Além disso, a saída em massa dos money market funds indica que parte do capital represado em instrumentos de baixo rendimento pode estar buscando ativos com maior potencial de valorização. Em contextos anteriores de risk-on, o Bitcoin apresentou altas significativas em janelas de semanas a meses após movimentos semelhantes.

📈 Entrada em renda variável

Fundos de ações globais captaram US$ 48,72 bilhões apenas na semana encerrada em 22 de abril — o maior volume do período analisado.

💸 Saída recorde do caixa

US$ 173,24 bilhões deixaram os money market funds em uma única semana — o maior resgate desde setembro de 2018, segundo a CryptoSlate.

🔄 Rotação risk-on

O padrão de migração de ativos defensivos para ativos de risco é historicamente associado a ciclos de valorização de ativos alternativos, incluindo o Bitcoin.

🏦 Presença institucional

O volume movimentado aponta para participação predominante de investidores institucionais, cuja entrada no Bitcoin pode ter impacto relevante sobre o preço.
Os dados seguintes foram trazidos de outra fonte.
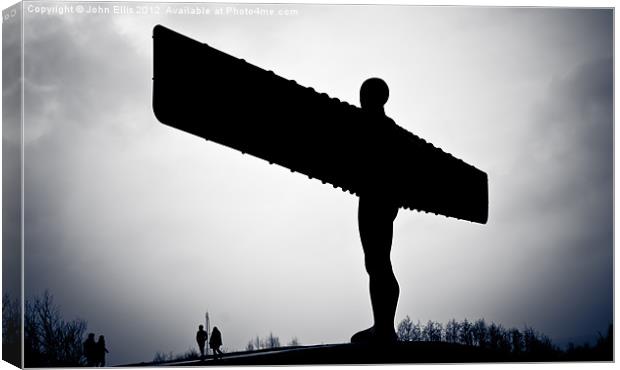 Angel of the North Canvas Print by John Ellis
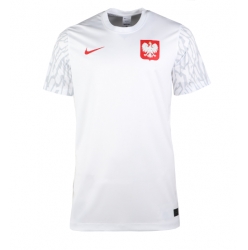 Strój piłkarski Polska Koszulka Podstawowej damskie MŚ 2022 Krótki Rękaw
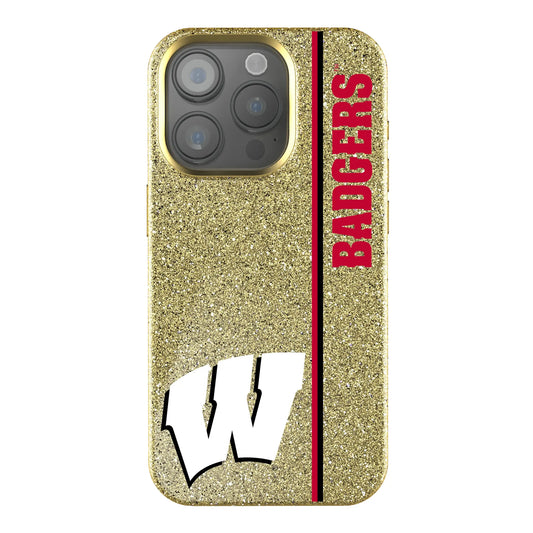 University of Wisconsin Badgers Sidebar Bling Phone Case for Apple iPhone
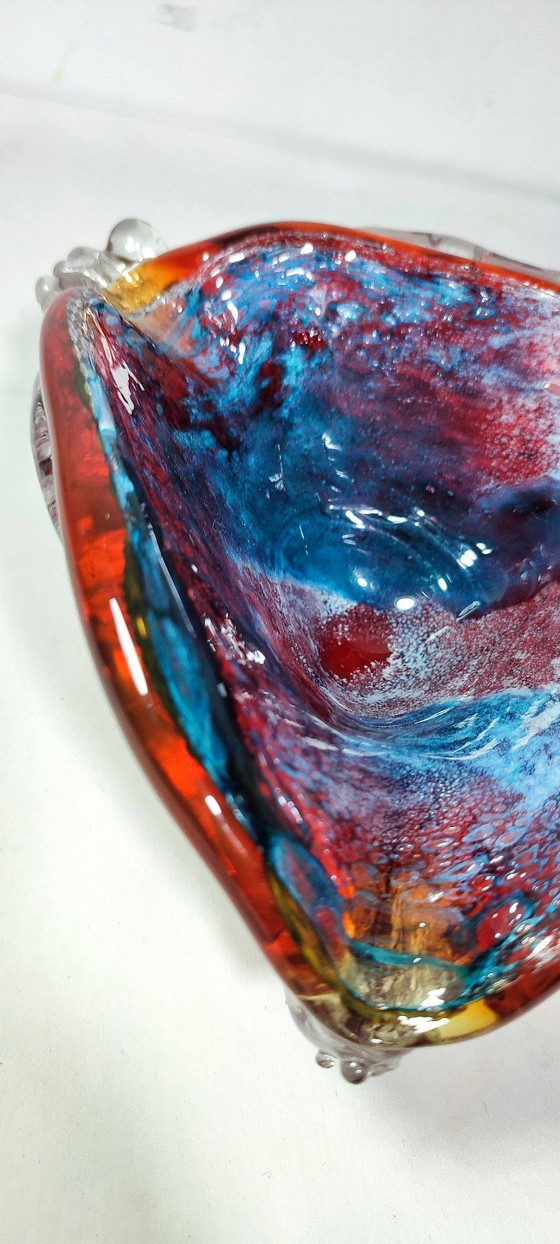 Image 1 of Murano glazen asbak. Italië, jaren 1980.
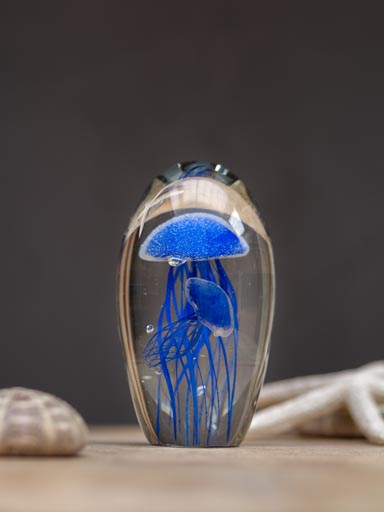 Paperweight 2 blue jellyfishes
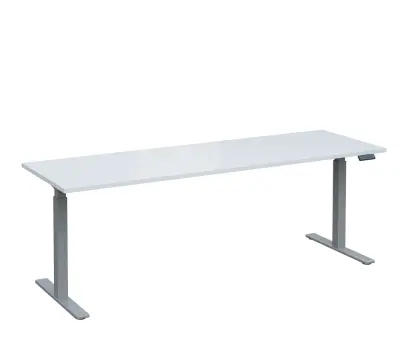 VSS 220/70 výškově stavitelný stůl, podnož stříbrný lak, bílá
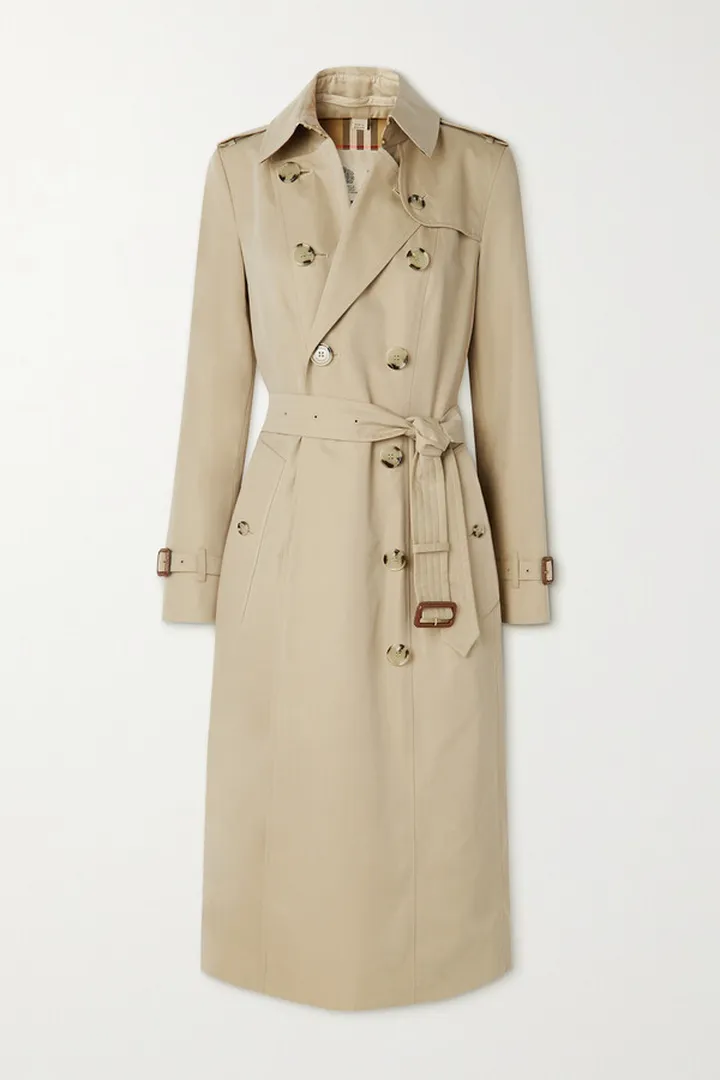 Burberry - The Chelsea Long Cotton-gabardine Trench Coat - Neutrals
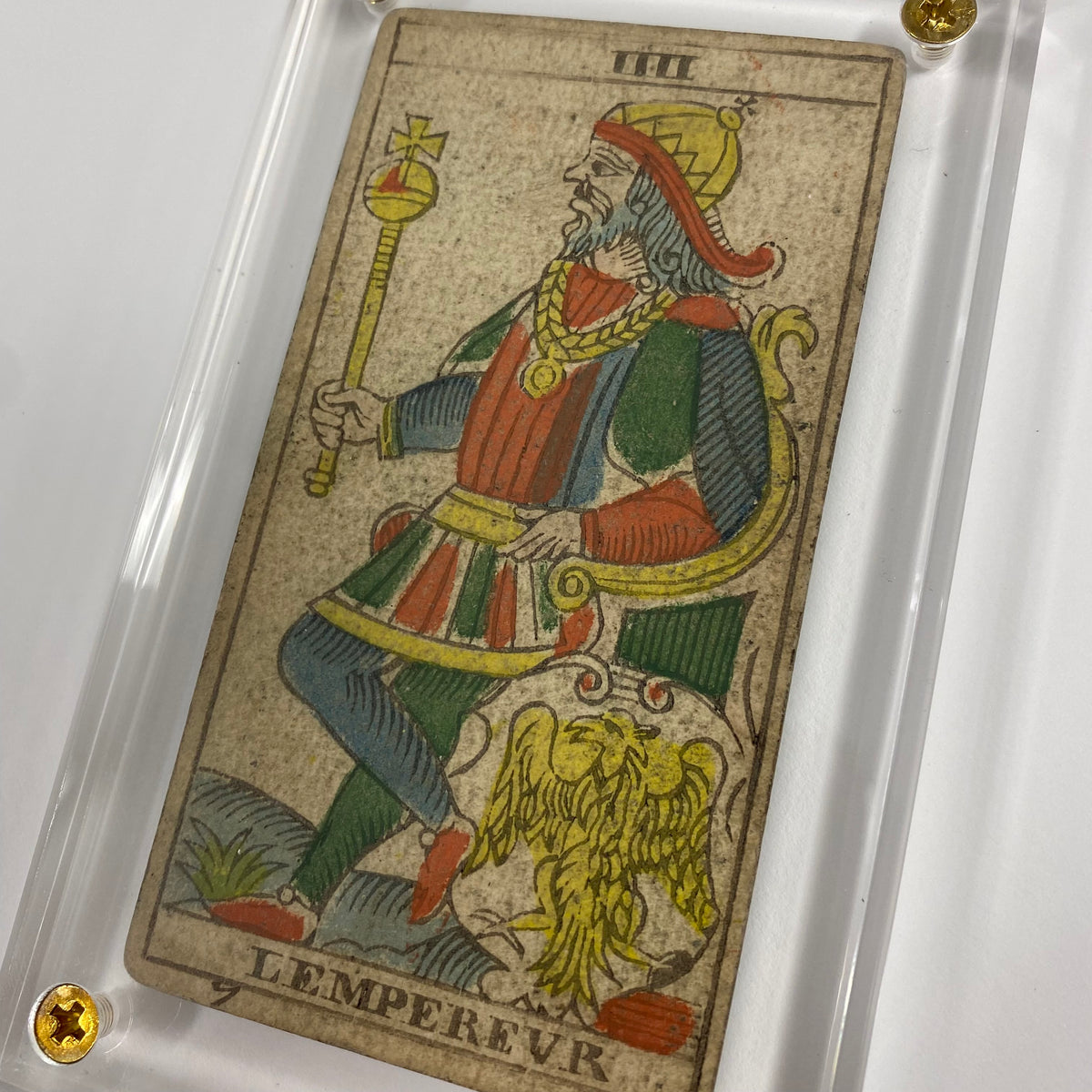 The Emperor . c.1839 Tarot Marseille Bernardin Suzanne – Deviant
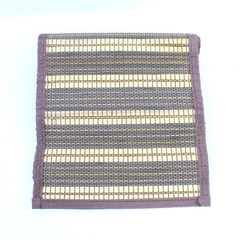 Brown Bamboo Woven Table Runner 72" x 13" Home Decor Good Condition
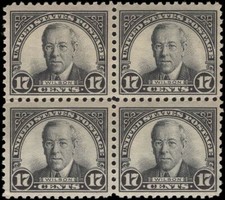 Scott # 623 - Woodrow Wilson - Block Of 4 - MNH - 1925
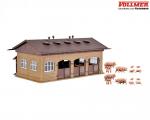 Vollmer 43740 H0 Schweinestall mit Schweine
É importante ressaltar que correlações entre fluxo de capital tradicional e o desempenho do Bitcoin não são garantia de resultado. O mercado de criptoativos possui dinâmicas próprias e pode divergir do comportamento da renda variável convencional.

Leia também: guia completo de Bitcoin para iniciantes.

📌 Contexto macroeconômico

A movimentação acontece em um cenário de incerteza sobre a política monetária americana e tensões geopolíticas globais. Mesmo assim, o apetite por risco voltou a crescer em abril — um dado que analistas de mercado acompanham de perto ao avaliar o próximo movimento do Bitcoin.